EXCERPTED DATA
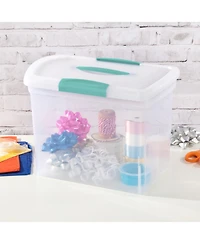 Sterilite Large Nesting ShowOffs Clear File Box with Handle and Latches, (12 Pack)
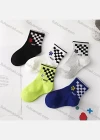 Wholesale Boys Casual Checkboard Letter Graphic Crew Ankle Socks - Liuhuamall
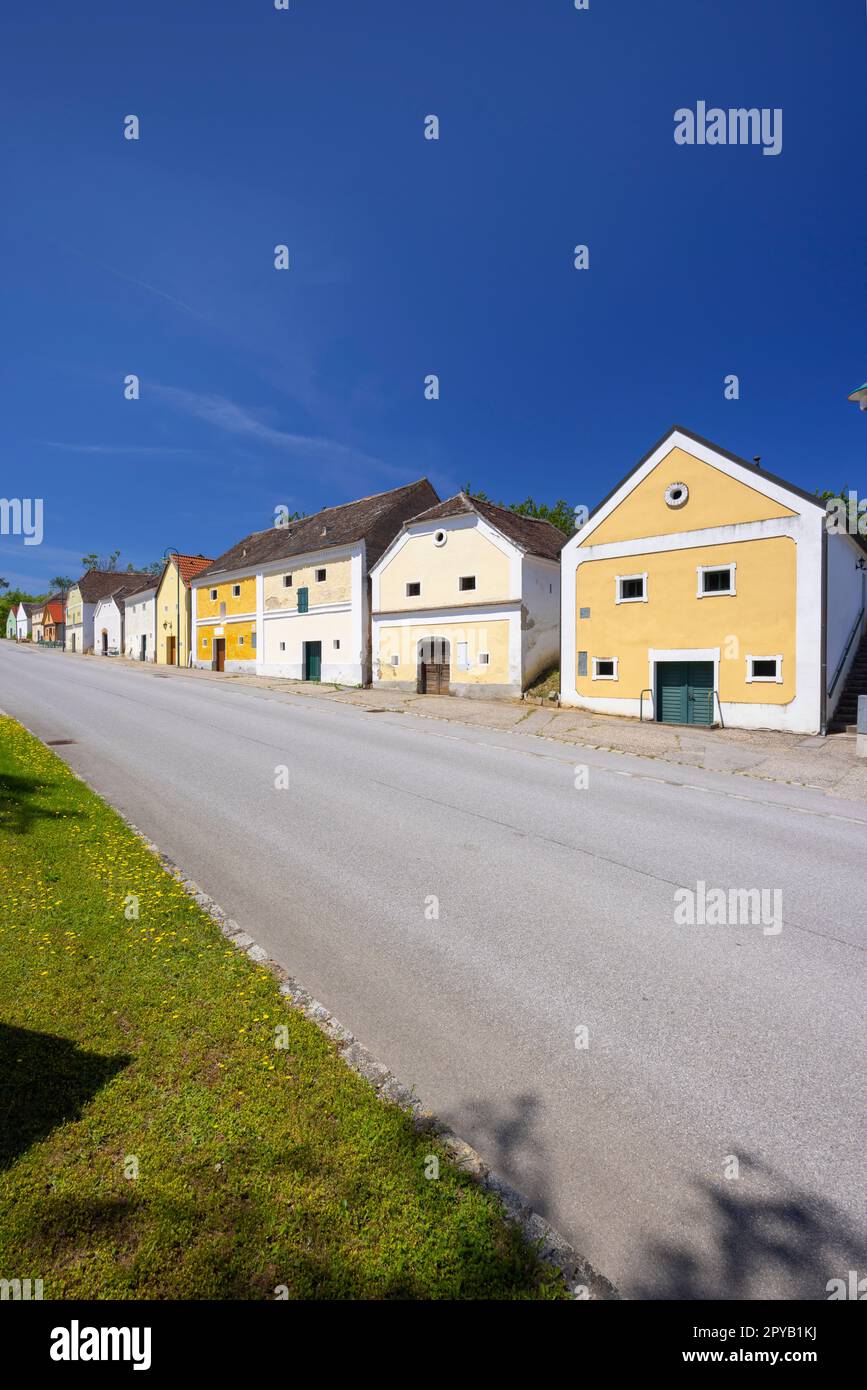 Traditional wine cellars street in Eichenbrunn, Lower Austria, Austria Stock Photo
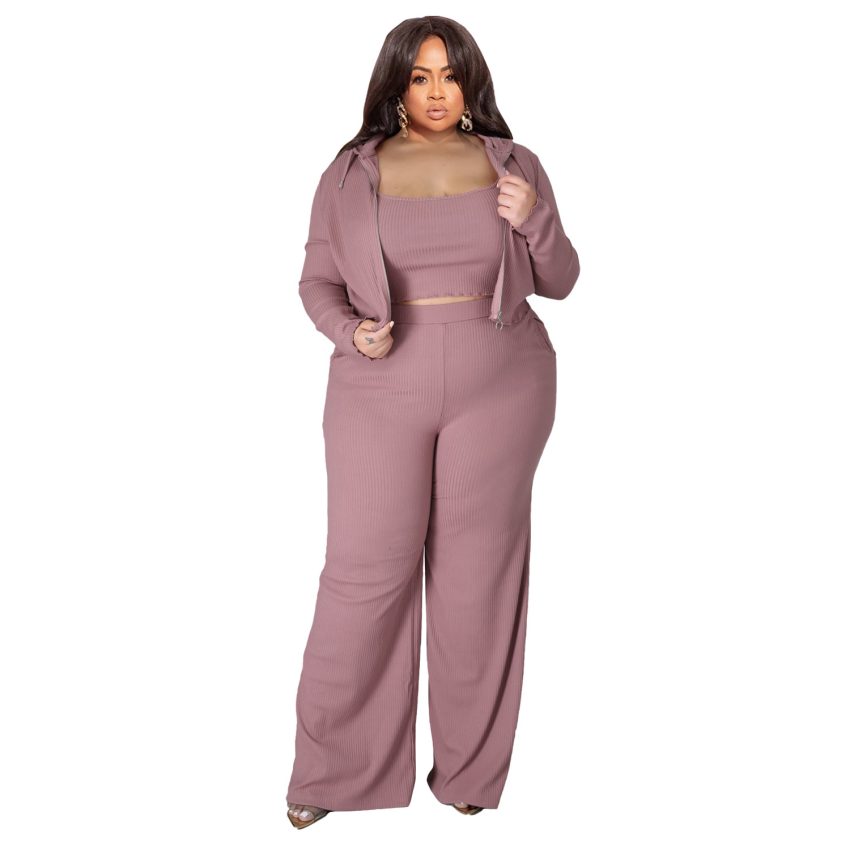 European And American High Elastic Sunken Stripe Three-piece Set Suit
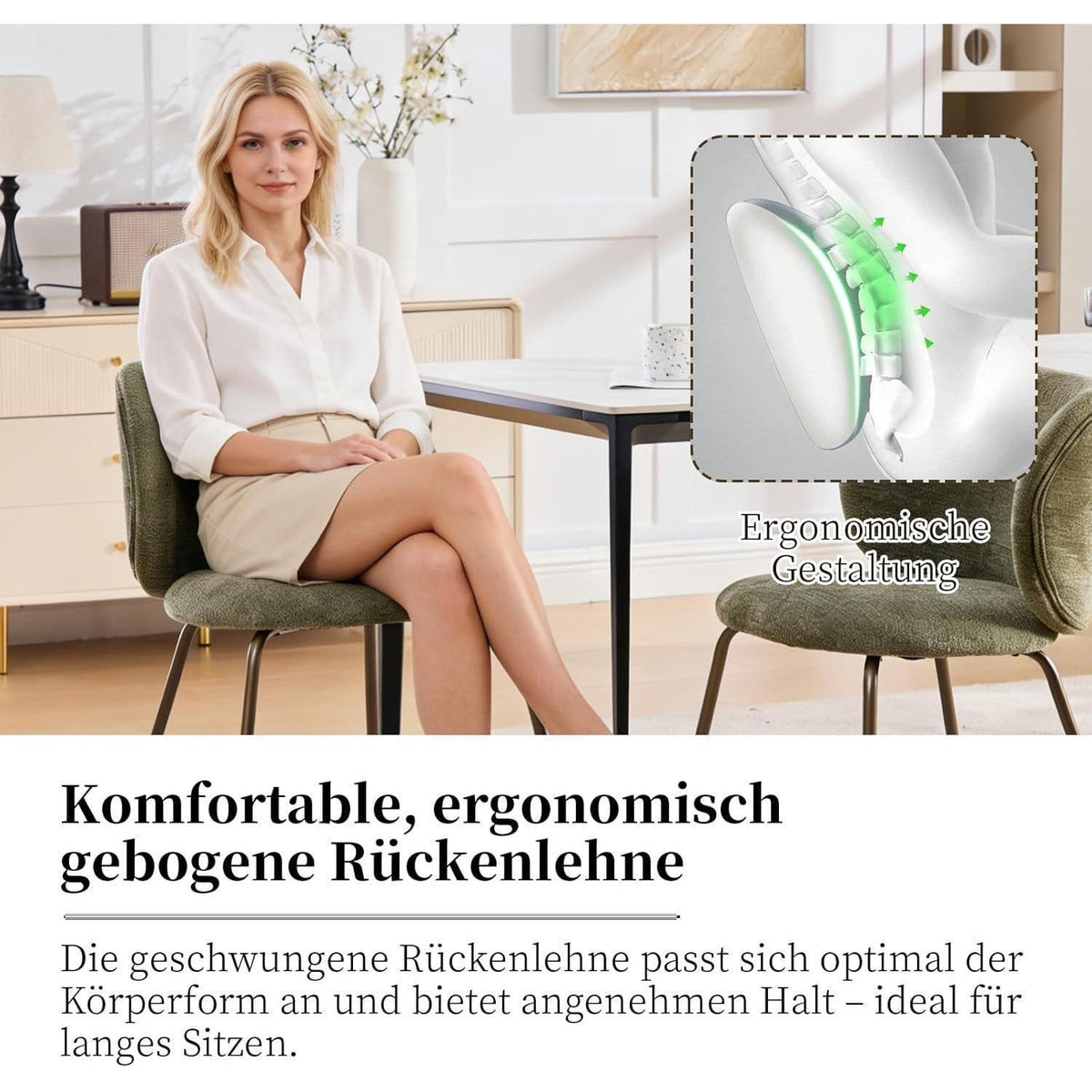 Esszimmerstühle Set 4 Olivgrün, Chenille Stoff & Metallbeine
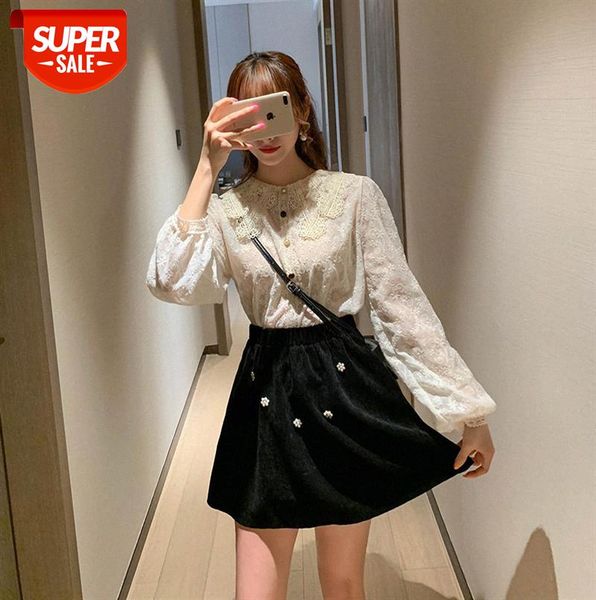 

fashion casual suit women all-match doll collar lace shirt + black a-line skirt two-piece #jq4c, Black;gray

EXERCISE DETAILS
Return nothing except the lines from the one containing "Traditional wine cellars" through the final line of the data, copied exactly. Leave out all pictures.

EXERCISE OUTPUT
 Traditional wine cellars street in Eichenbrunn, Lower Austria, Austria Stock Photo
 European And American High Elastic Sunken Stripe Three-piece Set Suit
 Esszimmerstühle Set 4 Olivgrün, Chenille Stoff & Metallbeine

fashion casual suit women all-match doll collar lace shirt + black a-line skirt two-piece #jq4c, Black;gray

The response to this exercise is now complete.